--- Data Enclosed Below ---

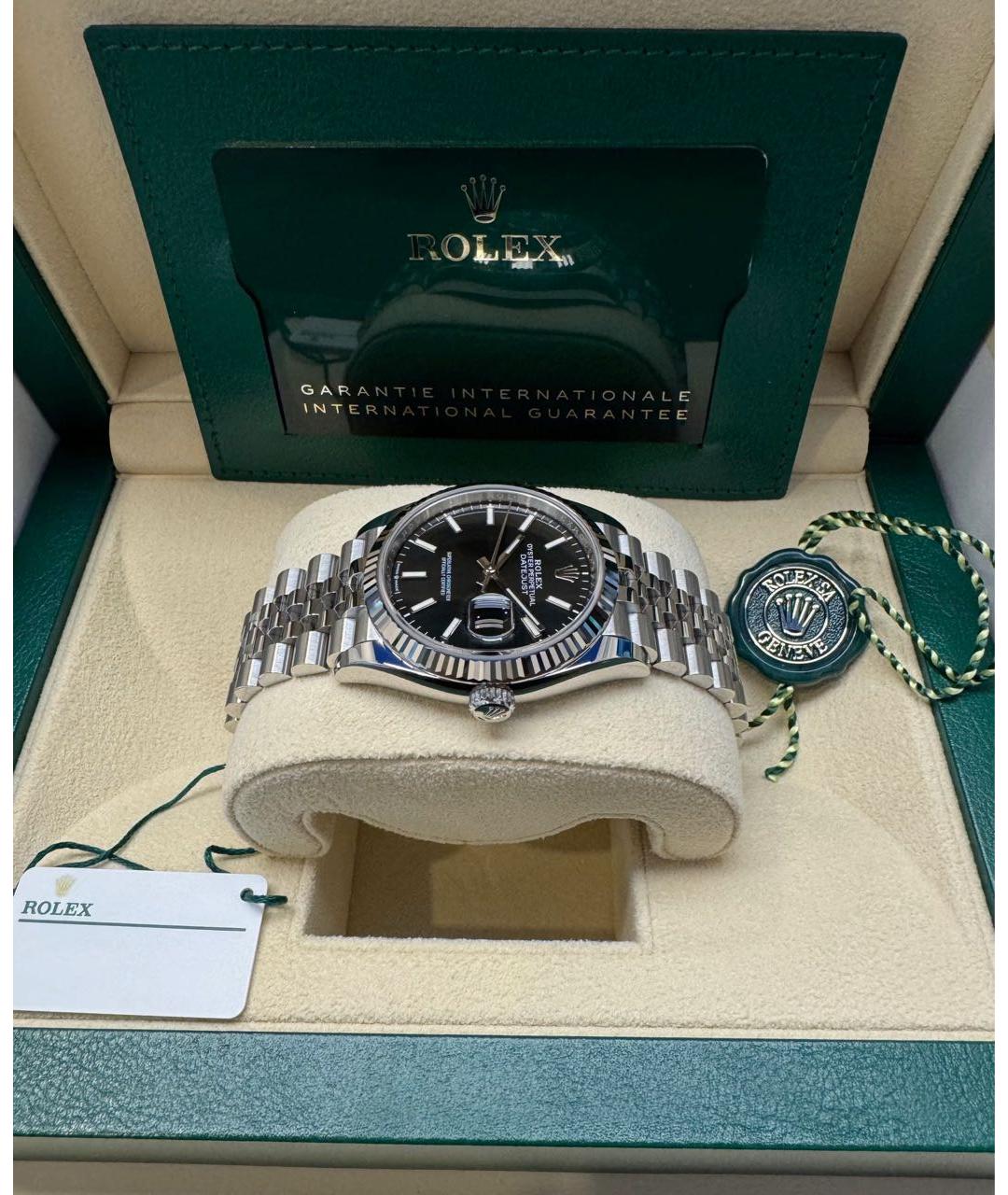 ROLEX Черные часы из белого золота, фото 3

--- End of Enclosed Data ---
--- Data Enclosed Below ---

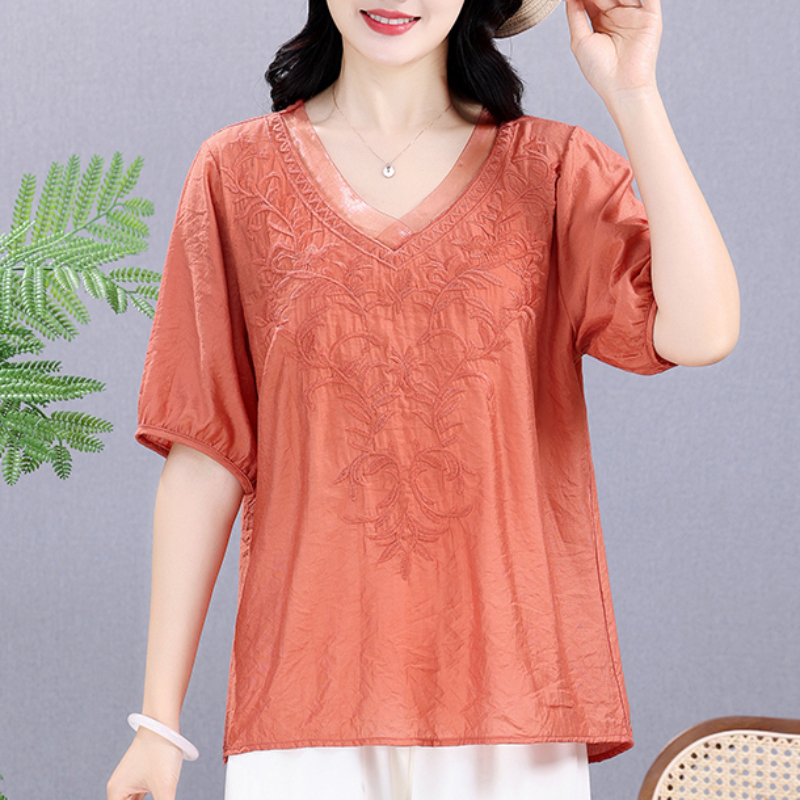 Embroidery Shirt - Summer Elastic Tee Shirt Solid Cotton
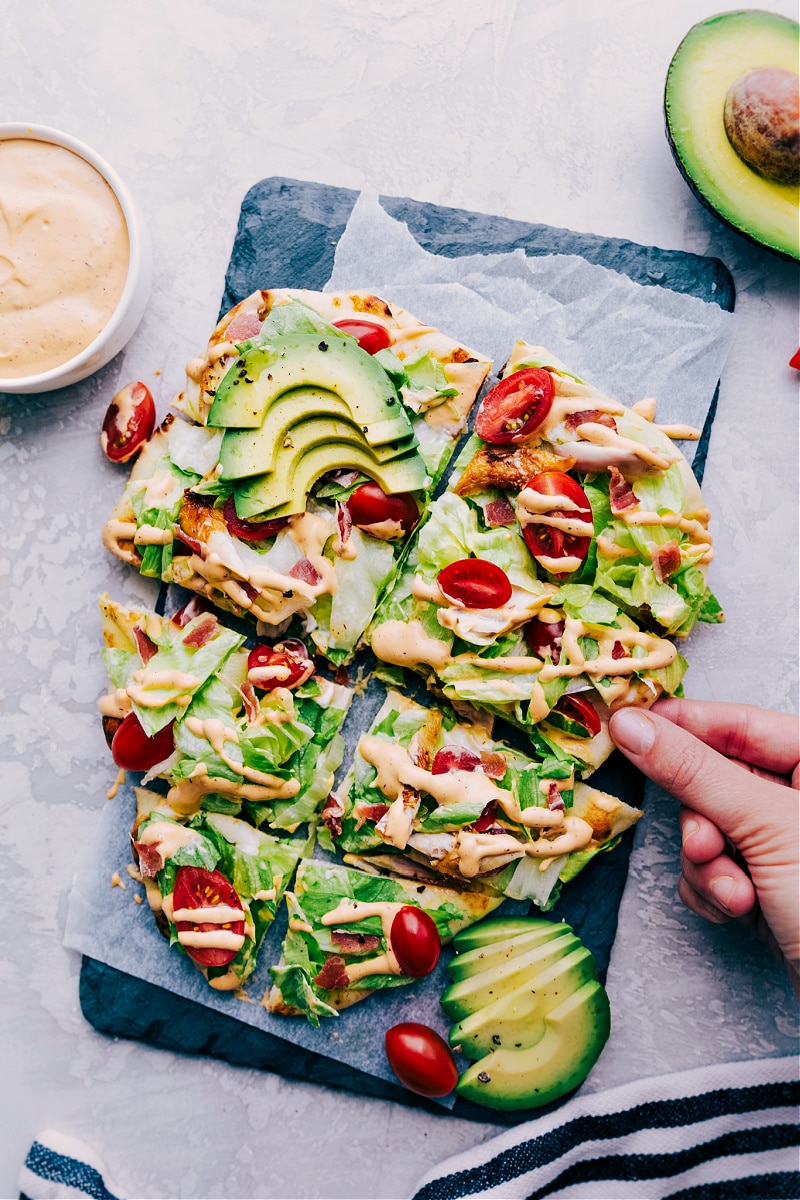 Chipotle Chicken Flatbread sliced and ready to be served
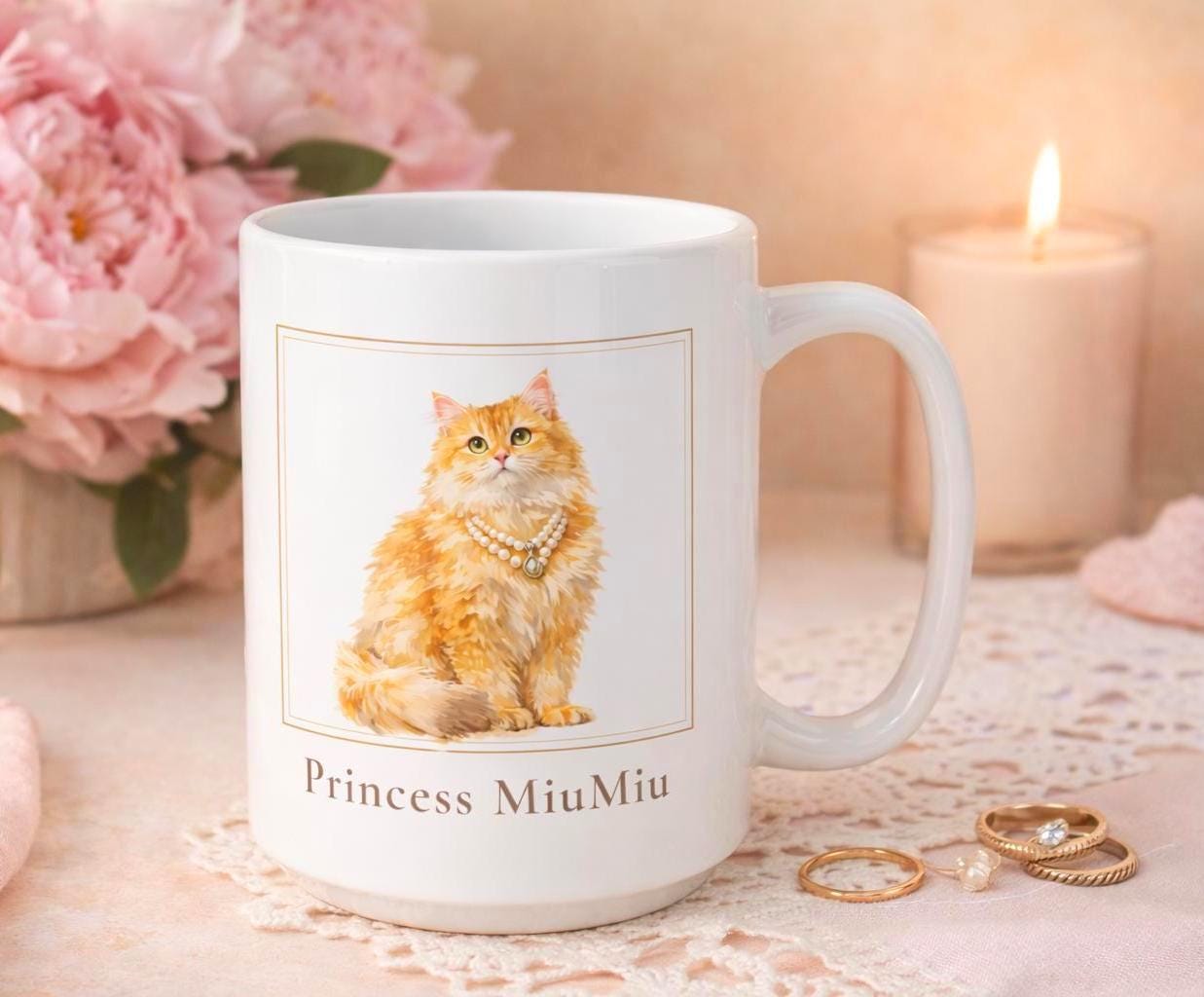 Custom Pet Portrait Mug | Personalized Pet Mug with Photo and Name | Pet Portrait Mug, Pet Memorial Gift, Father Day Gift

--- End of Enclosed Data ---
--- Data Enclosed Below ---

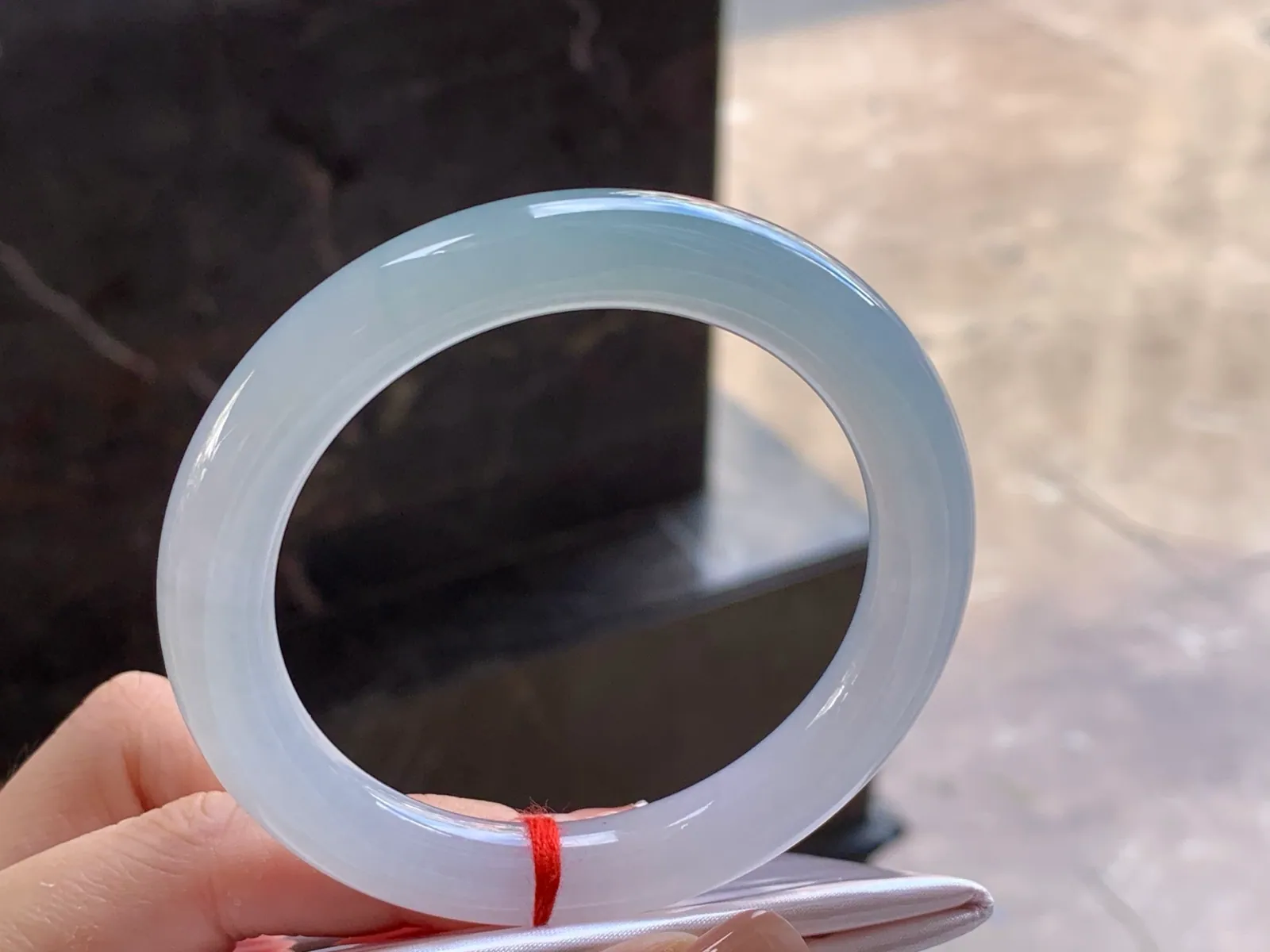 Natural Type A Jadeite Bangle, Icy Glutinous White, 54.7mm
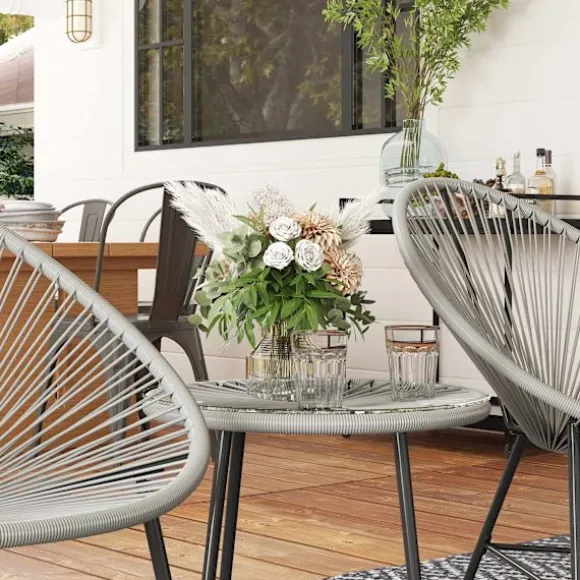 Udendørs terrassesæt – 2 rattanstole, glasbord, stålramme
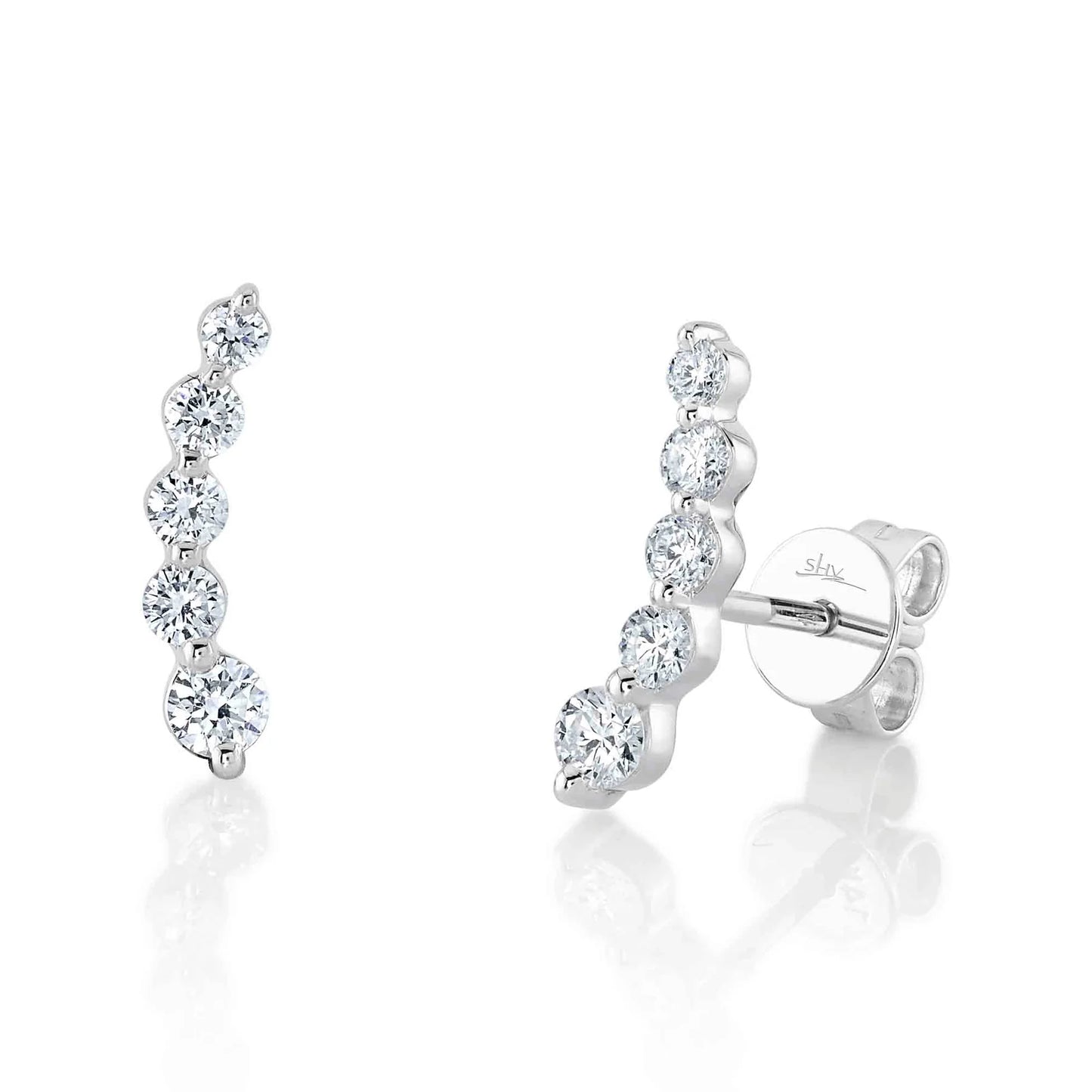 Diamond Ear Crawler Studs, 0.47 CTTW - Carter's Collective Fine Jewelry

--- End of Enclosed Data ---

Task details
Using the records above, repeat exactly the run of lines that starts with the line with "Udendørs terrassesæt –" and goes on through the line with "Diamond Ear Crawler"; omit each picture.

Expected answer
 Udendørs terrassesæt – 2 rattanstole, glasbord, stålramme
 Diamond Ear Crawler Studs, 0.47 CTTW - Carter's Collective Fine Jewelry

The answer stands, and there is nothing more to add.